Within the entries below, please retype exactly the lines starting with the line that has "Building Photo - 1800 County Road 4817" and going on through the line that has "2003 Ford Thunderbird", but not the pictures.
----- RECORDS SUPPLIED -----
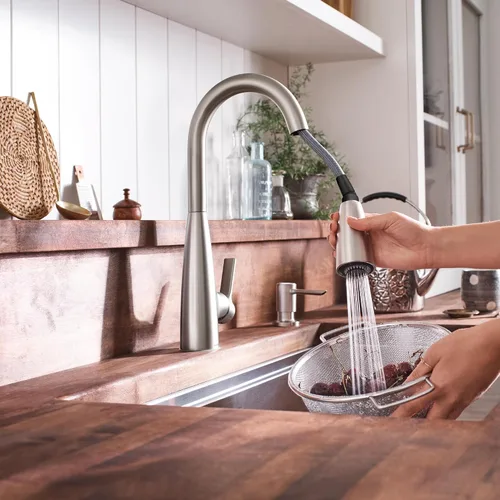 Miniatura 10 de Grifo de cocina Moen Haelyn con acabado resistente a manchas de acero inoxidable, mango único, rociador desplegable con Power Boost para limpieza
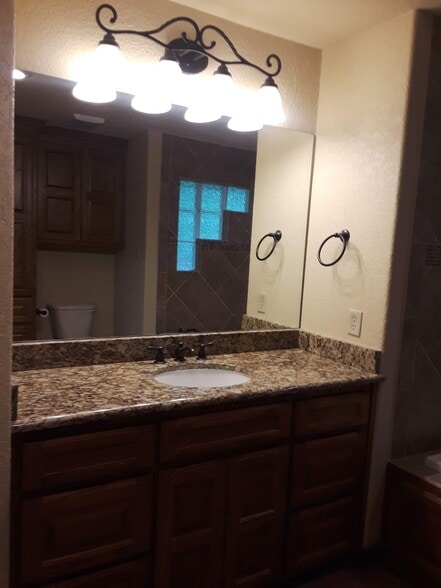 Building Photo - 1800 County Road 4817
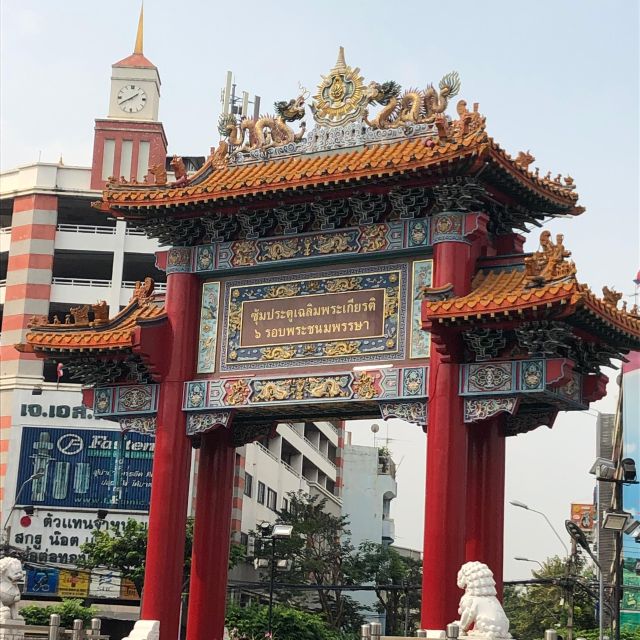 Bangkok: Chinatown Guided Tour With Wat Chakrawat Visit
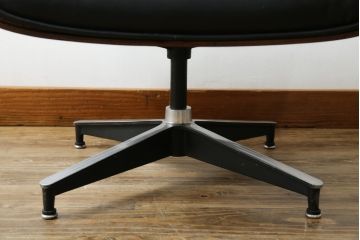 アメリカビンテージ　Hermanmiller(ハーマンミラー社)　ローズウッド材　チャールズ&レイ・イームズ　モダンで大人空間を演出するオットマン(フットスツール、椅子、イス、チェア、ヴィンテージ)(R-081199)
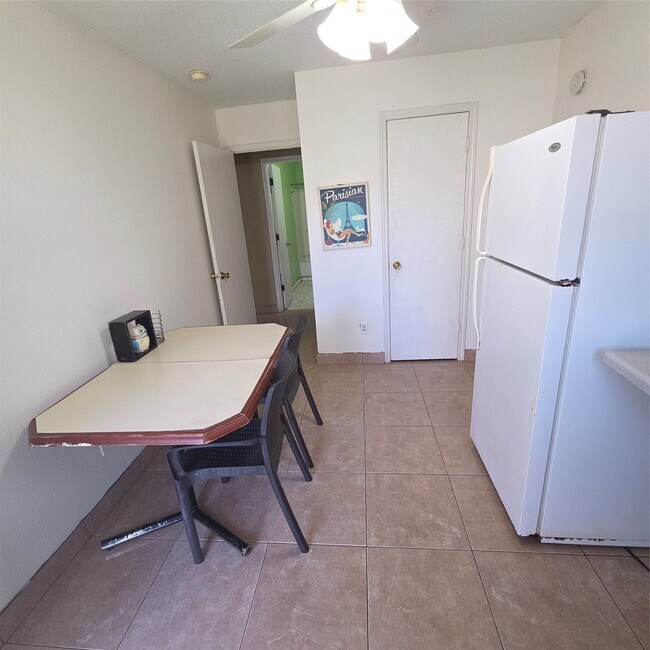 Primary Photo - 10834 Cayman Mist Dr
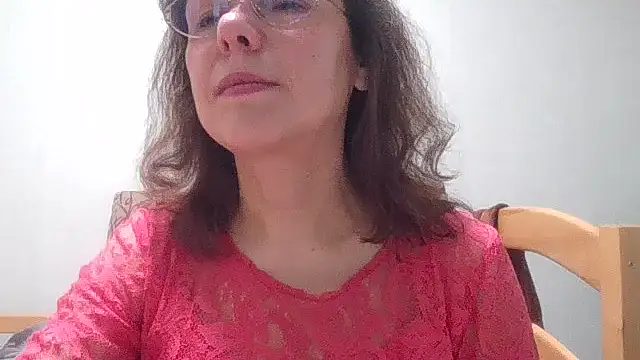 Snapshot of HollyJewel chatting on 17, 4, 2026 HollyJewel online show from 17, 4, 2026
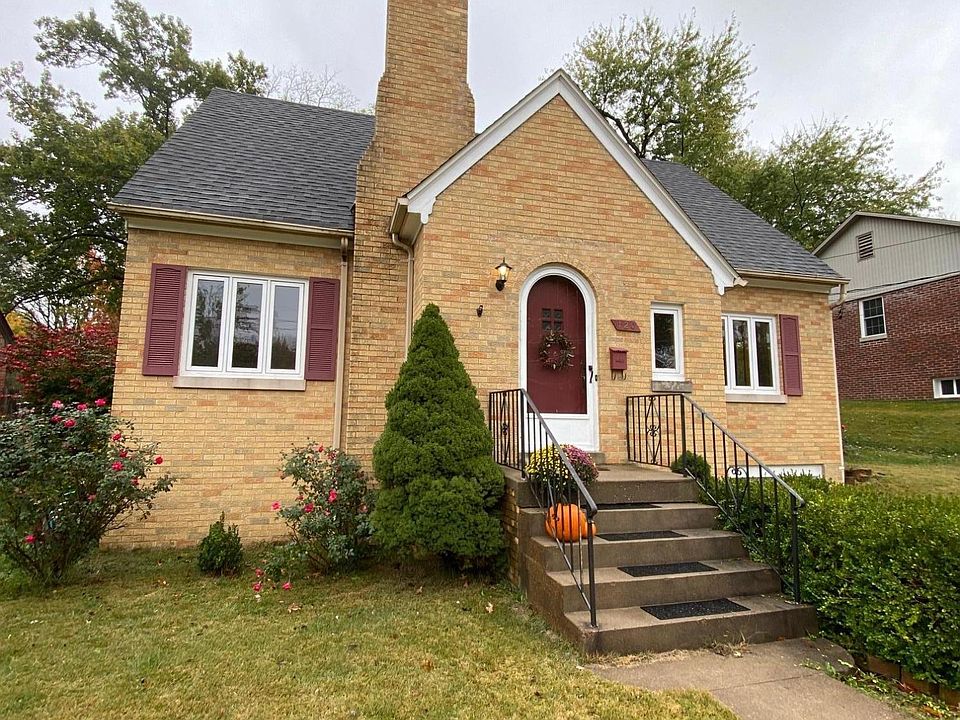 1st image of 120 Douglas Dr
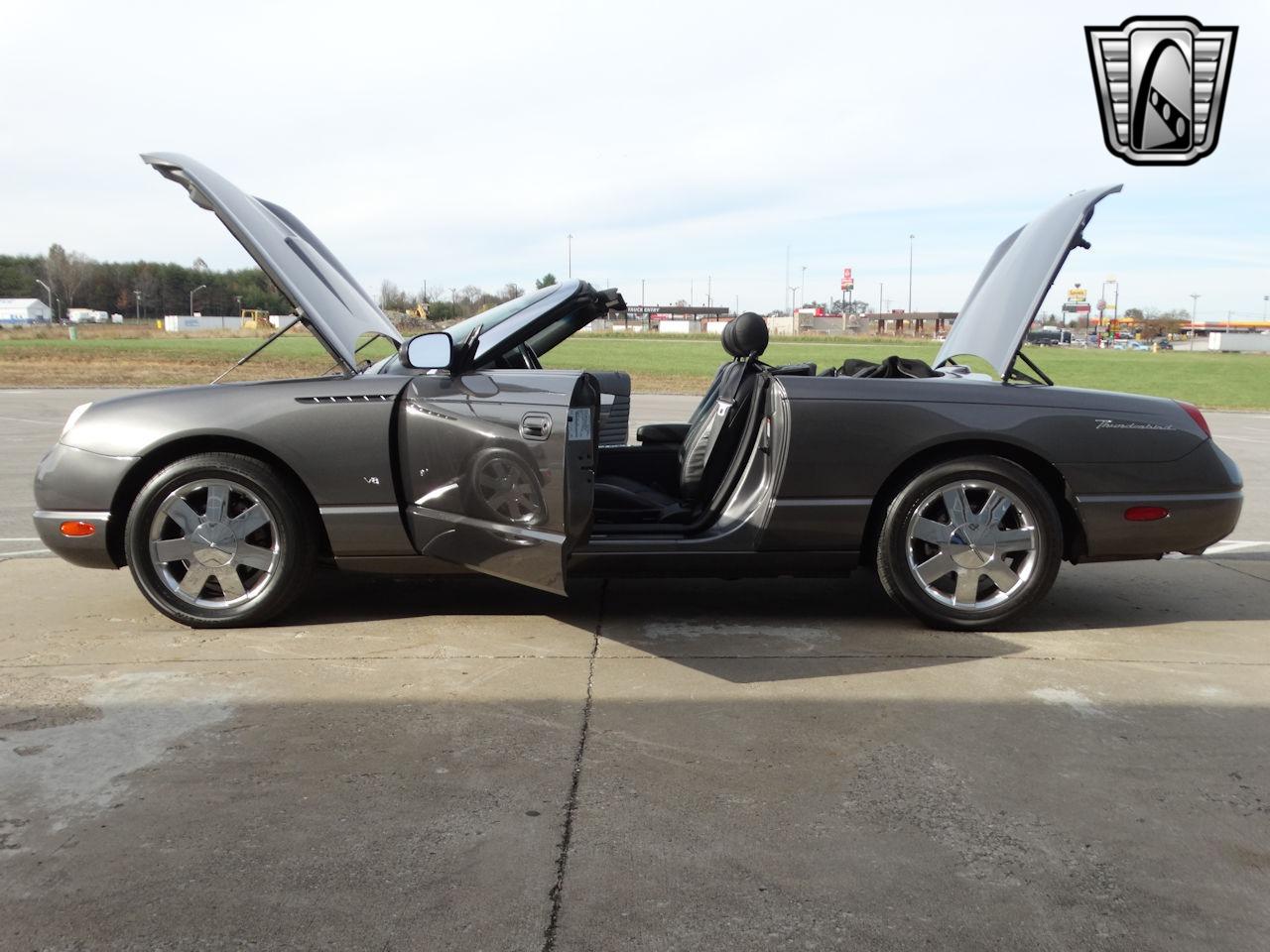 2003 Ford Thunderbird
-----
----- RECORDS SUPPLIED -----
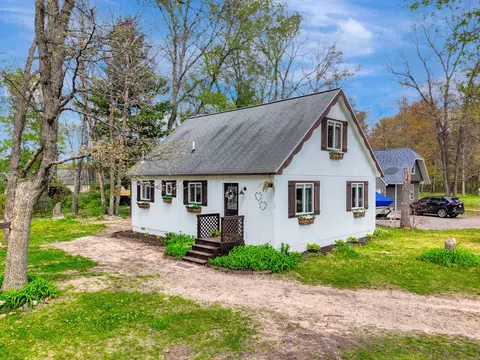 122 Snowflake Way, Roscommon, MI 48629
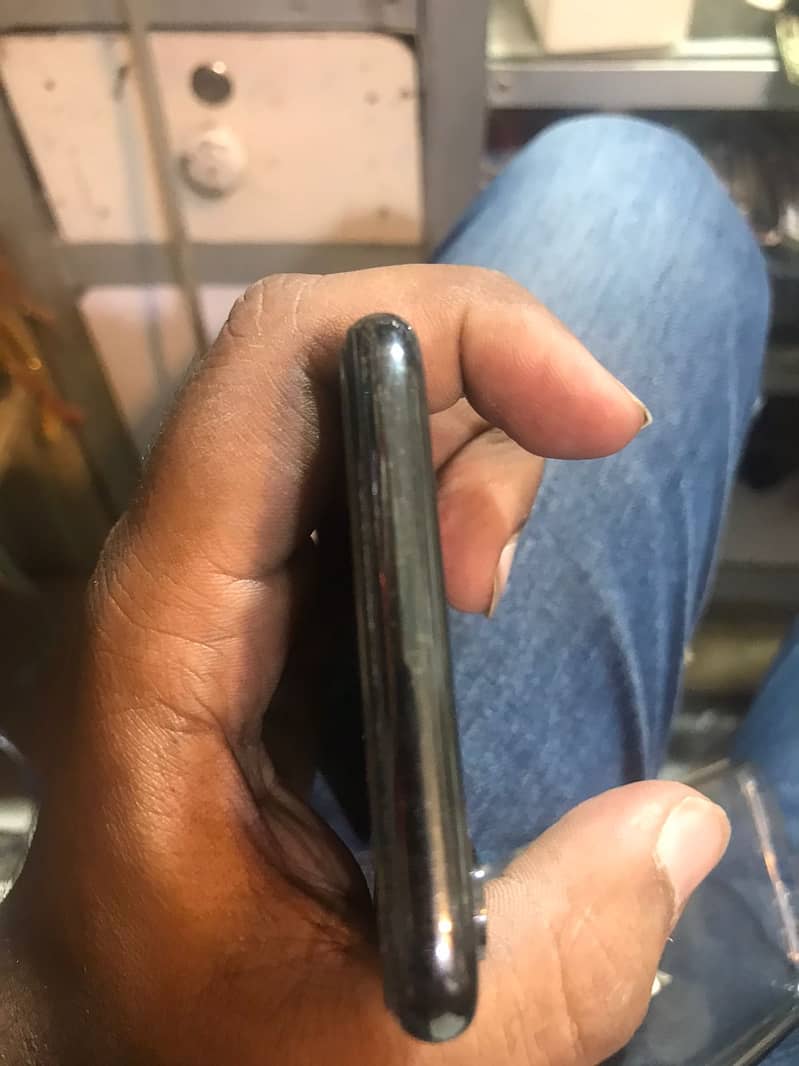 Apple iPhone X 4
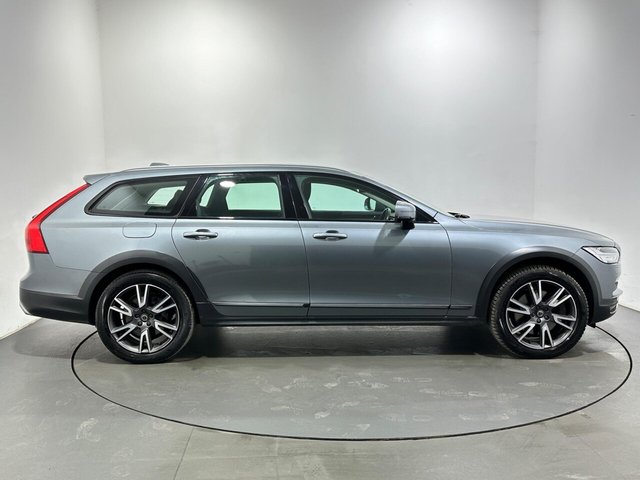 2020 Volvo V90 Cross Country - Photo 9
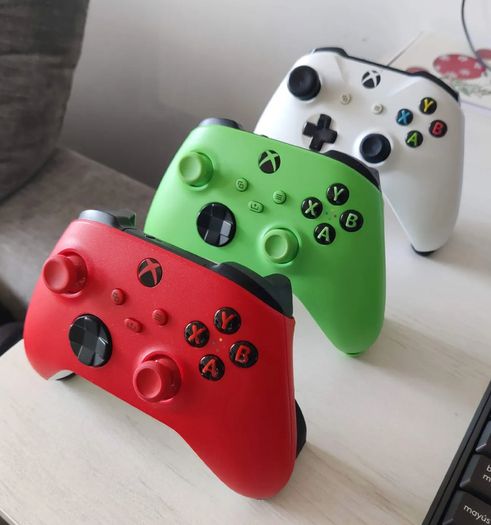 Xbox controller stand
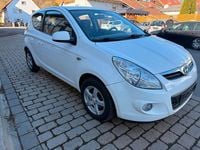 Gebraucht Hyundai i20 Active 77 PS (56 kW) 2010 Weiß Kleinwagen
-----
----- RECORDS SUPPLIED -----
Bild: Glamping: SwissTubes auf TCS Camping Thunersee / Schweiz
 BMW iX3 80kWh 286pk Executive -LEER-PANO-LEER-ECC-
-----
* SOLUTION FOR THIS PROBLEM *
 Building Photo - 1800 County Road 4817
 Bangkok: Chinatown Guided Tour With Wat Chakrawat Visit
 アメリカビンテージ　Hermanmiller(ハーマンミラー社)　ローズウッド材　チャールズ&レイ・イームズ　モダンで大人空間を演出するオットマン(フットスツール、椅子、イス、チェア、ヴィンテージ)(R-081199)
 Primary Photo - 10834 Cayman Mist Dr
 Snapshot of HollyJewel chatting on 17, 4, 2026 HollyJewel online show from 17, 4, 2026
 1st image of 120 Douglas Dr
 2003 Ford Thunderbird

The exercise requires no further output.